Aren't such texts by default "traditional"? "Simplified" text, besides
using simplified form characters, usually also entails refraining from
using variant forms (according to PRC definitions of what is a variant).
And depending on how far one wants to stretch the definition, PRC-style
vocabulary, etc., cf., http://www.cjk.org/cjk/reference/chinvar.htm and
http://www.cjk.org/cjk/c2c/c2cbasis.htm .

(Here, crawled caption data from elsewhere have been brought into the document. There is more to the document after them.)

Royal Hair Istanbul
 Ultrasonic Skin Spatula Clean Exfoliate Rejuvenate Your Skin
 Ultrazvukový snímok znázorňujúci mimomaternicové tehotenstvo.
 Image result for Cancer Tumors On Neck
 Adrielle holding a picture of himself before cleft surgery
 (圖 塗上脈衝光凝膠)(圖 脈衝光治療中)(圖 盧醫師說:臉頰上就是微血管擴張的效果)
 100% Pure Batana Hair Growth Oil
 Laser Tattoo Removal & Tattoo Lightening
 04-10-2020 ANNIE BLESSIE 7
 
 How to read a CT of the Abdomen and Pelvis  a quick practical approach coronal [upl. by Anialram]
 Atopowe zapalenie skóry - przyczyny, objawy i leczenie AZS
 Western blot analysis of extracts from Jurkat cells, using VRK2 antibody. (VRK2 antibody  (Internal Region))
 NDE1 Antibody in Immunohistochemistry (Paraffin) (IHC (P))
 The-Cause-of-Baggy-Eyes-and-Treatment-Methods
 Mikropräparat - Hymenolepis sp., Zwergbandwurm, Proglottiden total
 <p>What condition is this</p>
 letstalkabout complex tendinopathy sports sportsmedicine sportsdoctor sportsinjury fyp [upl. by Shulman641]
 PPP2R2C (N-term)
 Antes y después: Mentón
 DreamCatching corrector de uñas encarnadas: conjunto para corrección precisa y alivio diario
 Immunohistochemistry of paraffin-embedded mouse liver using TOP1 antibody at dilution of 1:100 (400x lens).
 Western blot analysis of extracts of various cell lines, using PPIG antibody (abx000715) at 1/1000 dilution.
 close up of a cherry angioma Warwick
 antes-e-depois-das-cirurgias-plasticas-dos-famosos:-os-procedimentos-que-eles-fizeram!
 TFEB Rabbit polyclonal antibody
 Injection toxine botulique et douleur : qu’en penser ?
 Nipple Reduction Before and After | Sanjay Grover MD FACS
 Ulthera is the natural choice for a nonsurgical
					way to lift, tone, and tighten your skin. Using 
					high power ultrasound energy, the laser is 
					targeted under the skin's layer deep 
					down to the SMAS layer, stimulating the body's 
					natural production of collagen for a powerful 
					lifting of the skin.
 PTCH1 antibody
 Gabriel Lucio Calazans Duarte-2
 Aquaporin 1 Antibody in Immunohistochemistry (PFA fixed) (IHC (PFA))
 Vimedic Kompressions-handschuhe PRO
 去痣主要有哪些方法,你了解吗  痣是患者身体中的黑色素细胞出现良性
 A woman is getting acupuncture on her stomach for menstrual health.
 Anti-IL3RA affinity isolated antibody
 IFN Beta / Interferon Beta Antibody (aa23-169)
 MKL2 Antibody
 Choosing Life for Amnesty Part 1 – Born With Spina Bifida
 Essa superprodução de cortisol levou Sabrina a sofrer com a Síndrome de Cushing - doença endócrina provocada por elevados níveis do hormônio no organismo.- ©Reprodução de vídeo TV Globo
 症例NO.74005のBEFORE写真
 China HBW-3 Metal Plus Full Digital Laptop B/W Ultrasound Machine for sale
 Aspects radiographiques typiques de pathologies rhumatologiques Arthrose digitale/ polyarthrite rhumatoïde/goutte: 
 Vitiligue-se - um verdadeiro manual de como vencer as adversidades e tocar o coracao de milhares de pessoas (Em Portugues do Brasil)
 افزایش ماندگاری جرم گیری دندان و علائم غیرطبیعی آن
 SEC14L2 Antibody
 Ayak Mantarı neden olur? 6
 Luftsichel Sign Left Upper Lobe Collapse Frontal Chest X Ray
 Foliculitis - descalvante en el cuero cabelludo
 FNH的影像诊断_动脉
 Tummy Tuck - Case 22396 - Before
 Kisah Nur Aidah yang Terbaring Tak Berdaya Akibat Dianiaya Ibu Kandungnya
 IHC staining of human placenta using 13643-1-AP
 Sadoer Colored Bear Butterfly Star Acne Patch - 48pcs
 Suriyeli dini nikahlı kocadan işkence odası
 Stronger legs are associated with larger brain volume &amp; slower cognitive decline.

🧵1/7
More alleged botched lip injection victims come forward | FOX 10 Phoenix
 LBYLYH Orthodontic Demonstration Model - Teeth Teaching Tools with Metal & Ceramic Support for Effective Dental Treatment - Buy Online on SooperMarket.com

On Thu, 13 Feb 2003, Marco Cimarosti wrote:
>The easiest way to do it is "folding" both the user's query and the conten
>being sought to the same form (either traditional or simplified, it doesn't
>matter). It may also help to "fold" also other kinds of variants beside
>simplified and traditional.
It would help to at least fold the Unicode z-variants together. For
example, with the possibility of Unicode data, authors have the choice of
U+6236, U+6237, and U+6238 for hu4 'door', but these are not meaningful
distinctions, and certainly a lot harder to detect than the typical
traditional/simplified case.
On Thu, 13 Feb 2003, Edward H Trager wrote:
>And I've seen books printed in the beginning years of the PRC era using
>mostly simplified, but with smatterings of traditional characters here and
>there. These books were printed in the days of lead type, so I
Those must be the ones printed before the final 1964 version of the
simplification (drafts dating back to 1956, and some earlier pre-1949
usages in Communist-occupied areas), so that they do not utilize all the
simplified characters that eventually exist in the 1964 version.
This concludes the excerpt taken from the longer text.